Created attachment 153031 [details] Application Example As far as I can see, there is no way to define a paragraph format (or character format) whose text can be used as a field command (in Word, there is the field command "StyleRef" -> inserts the text of a paragraph that uses this style). Application example: Add the last marginal note of a page to the header text (see attached file)
Thank you for this idea. I have some questions: - What happens, if you open a docx-file with that field command in writer? - Use case is clear to me. But I don't understand how to do ist practically: Does it mean you have a paragraph style like "last section" and assign this paragraph style to every last section title (in your example "Section C" and "Section E")? But what happens, if you edit the text and the last section is now Section B? cc: Design Team
1) It doesn't work if I open the doc-file in Writer (see attached Word-example) 2) Yes, a paragraph style "Marginal Section" is assigned to every section-element (Title or - in my case - position frame). If the text of a section-element changes, the value in the header text changes too. If there are multiple section-elements per page, then the last one is displayed in the header text (in MS Word there's an option "Search Page from Bottom to Top", see attached Word-settings)
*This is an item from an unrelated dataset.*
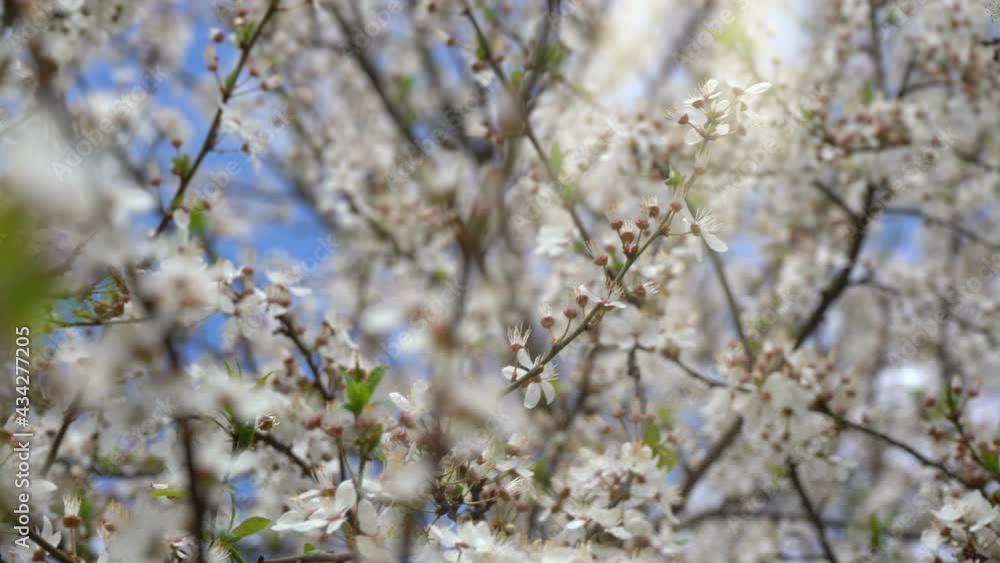Spring bloom. Spectacular flowers. springtime Spring bloom. Spectacular flowers. springtime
Created attachment 153041 [details] Word-Example (doc)
Created attachment 153042 [details] Word-Settings (Screenshot)
(In reply to canned from comment #2) > 1) It doesn't work if I open the doc-file in Writer (see attached > Word-example) > 2) Yes, a paragraph style "Marginal Section" is assigned to every > section-element (Title or - in my case - position frame). If the text of a > section-element changes, the value in the header text changes too. If there > are multiple section-elements per page, then the last one is displayed in > the header text (in MS Word there's an option "Search Page from Bottom to > Top", see attached Word-settings) Thanks for clarification. Sounds useful to me. Let's wait for other opinions. And I also don't know, if this is possible in odf-format.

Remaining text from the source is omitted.